Risk aversion, leeriness of liability, concern over replacement costs, unfamiliarity with maintenance requirements etc. all contribute to a reluctance to innovate.  Again with city DOTs- some would rather install a streetscape in the same obsolete manner that it has been done for 30 years, because estimators know how to estimate it and installers know how to install it.  There is no money in the razor-thin budget to design and test anything new; perhaps the city code doesn't explicitly include it.  Bureaucracy can present a huge hurdle to innovation.  In one city, designers are unable to select a tree species that does not appear on the existing list.  Not because an arborist takes great care with the list; rather it is because every construction component must have a unique line item code in order to be included in a project, and it's too difficult to get something added to the master list. On the approved species list is Bradford pear, simply because it already has an assigned line item code. (If you're unfamiliar with the shortcomings of the Bradford pear, send me and email and I'll bring you up to speed.) Where is the flexibility and willingness to invest in innovative methods to address infrastructure problems?  To be blunt, municipal governments aren't driven to turn a profit in the same way as the private firms performing the design and construction work.
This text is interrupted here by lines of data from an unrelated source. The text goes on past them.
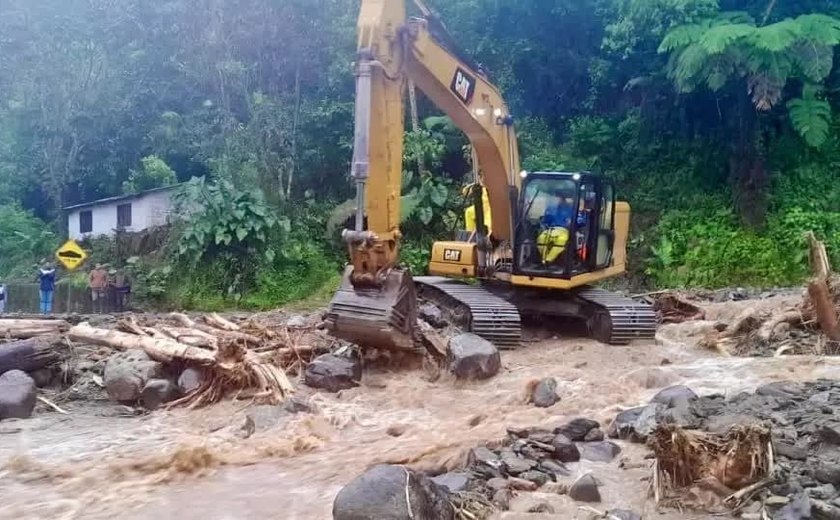 Deslizamento de terra deixa ao menos seis mortos em zona turística do Equador; vídeos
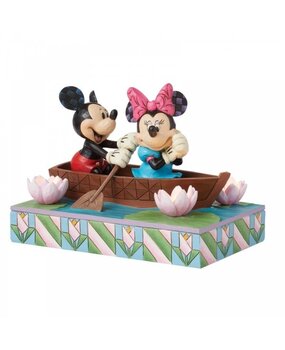 Disney Traditions Mickey & Minnie Mouse Row-Mance is in the Air 12 cm Disney Traditions Mickey & Minnie Mouse Row-Mance is in the Air 12 cm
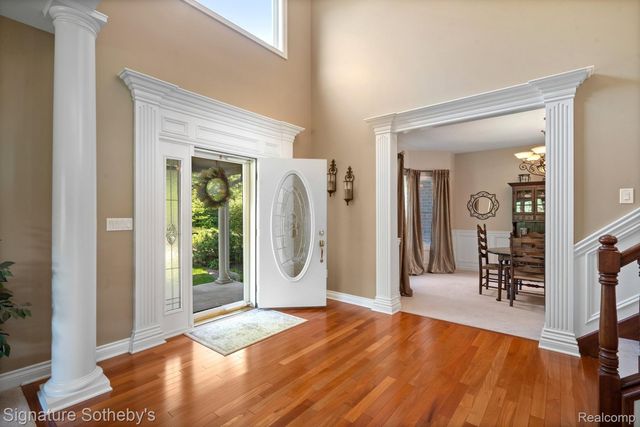 5557 Cobble Lane, Webster Township, MI 48130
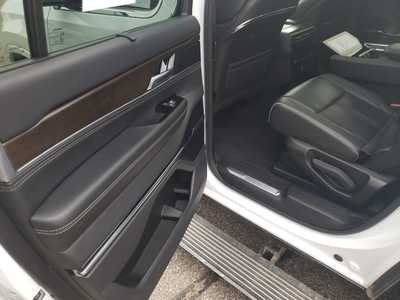 2023 Jeep Grand Wagoneer, $61450. Photo 12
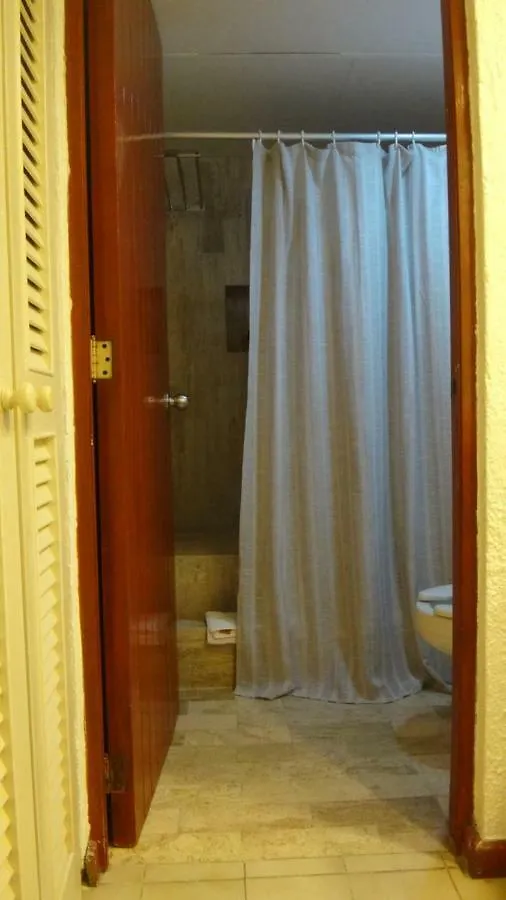 Remodeled Studio In Beachfront Condominium Cancun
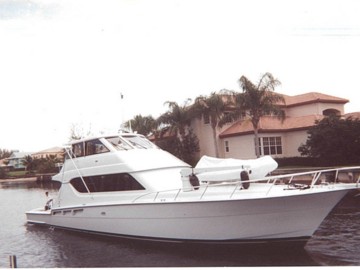 MYYEN - 2001 HATTERAS 70' 3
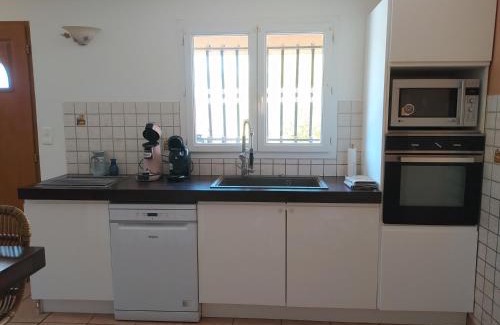 Pouzolles Villa | Villa plain-pied avec piscine californienne privée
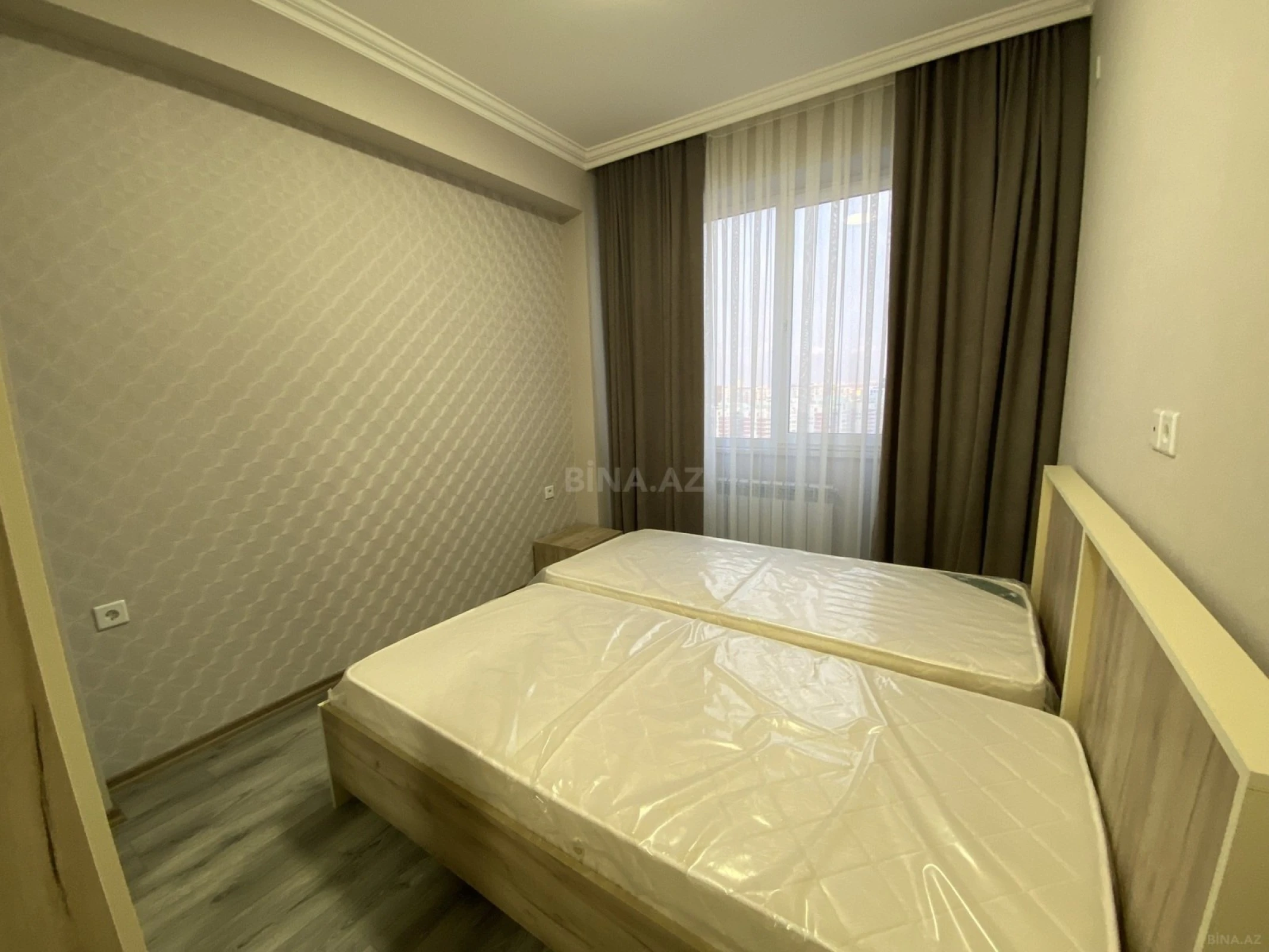 Satılır 3 otaqlı mənzil 96.5 m²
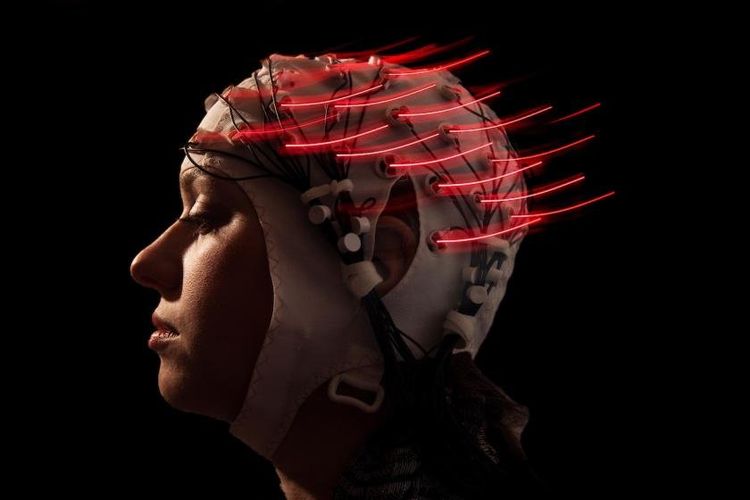 Untuk memastikan apa yang terjadi di otak, para peneliti menggunakan topi yang mengukur aktivitas listrik di daerah otak.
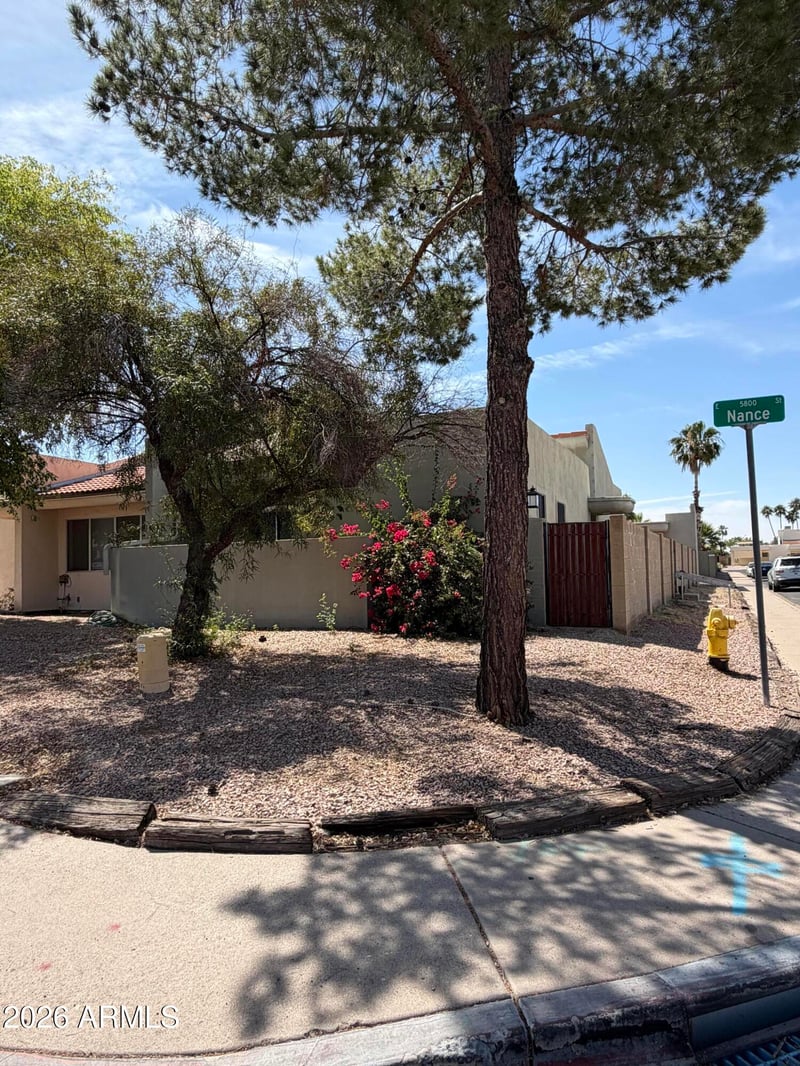 5829 Nance St, Mesa, AZ 85215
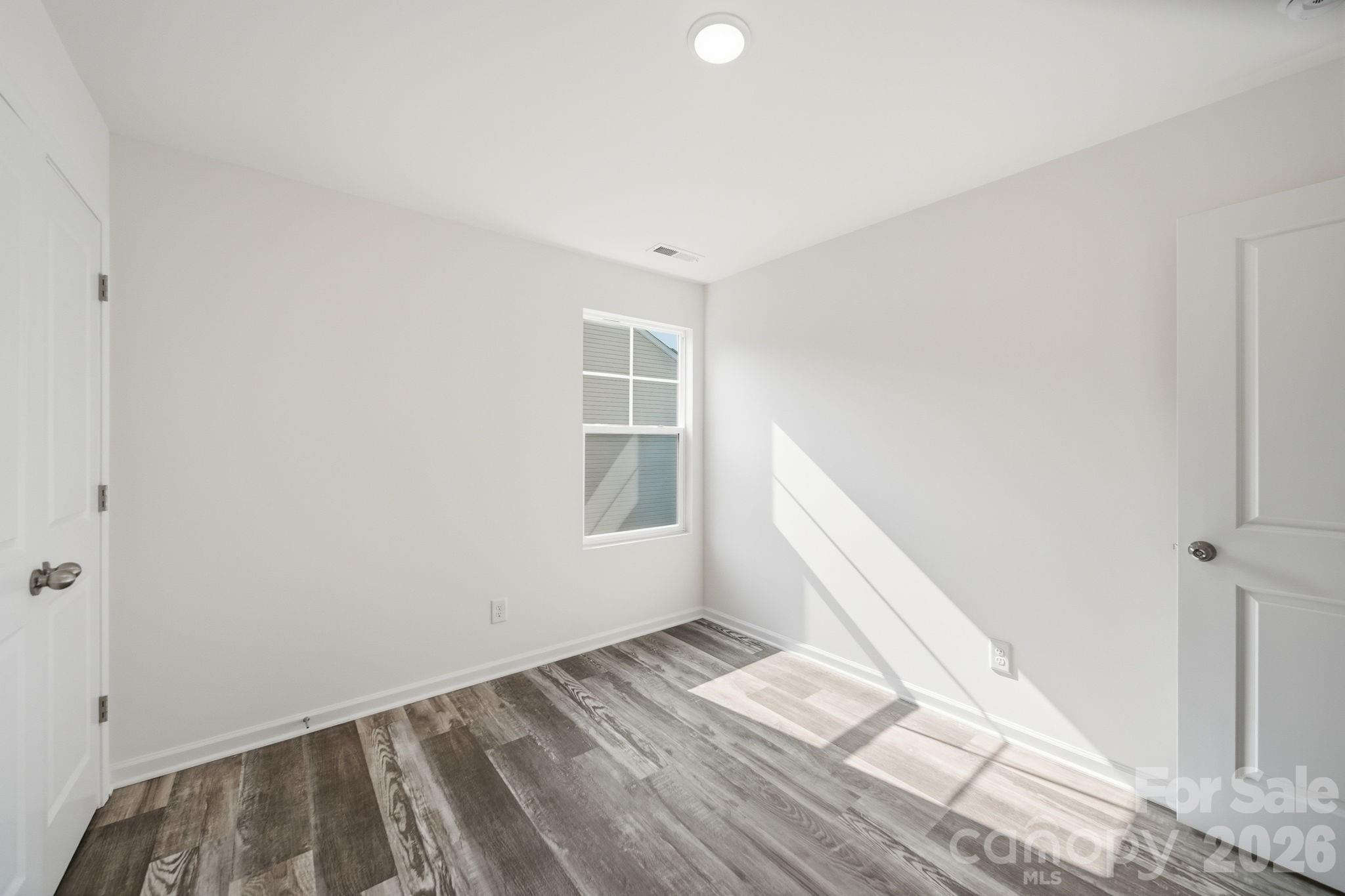 7813 E Lane Drive — Charlotte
As a taxpayer, I'd like to see funds allocated to absorb the risk associated with testing innovation in urban forestry as a tool for improved city function. Take my taxes and lead the way in experimental new methods that can become the new and improved standard to beat.

There are many municipalities that are actively pursuing the benefits of the urban forest and they will be highlighted in later posts. There is nothing new that needs to be invented in order for us to tackle these problems; our culture is primed for multi-pronged investments in our cities.  Urban forestry, able to be implemented at any scale, is the low hanging fruit.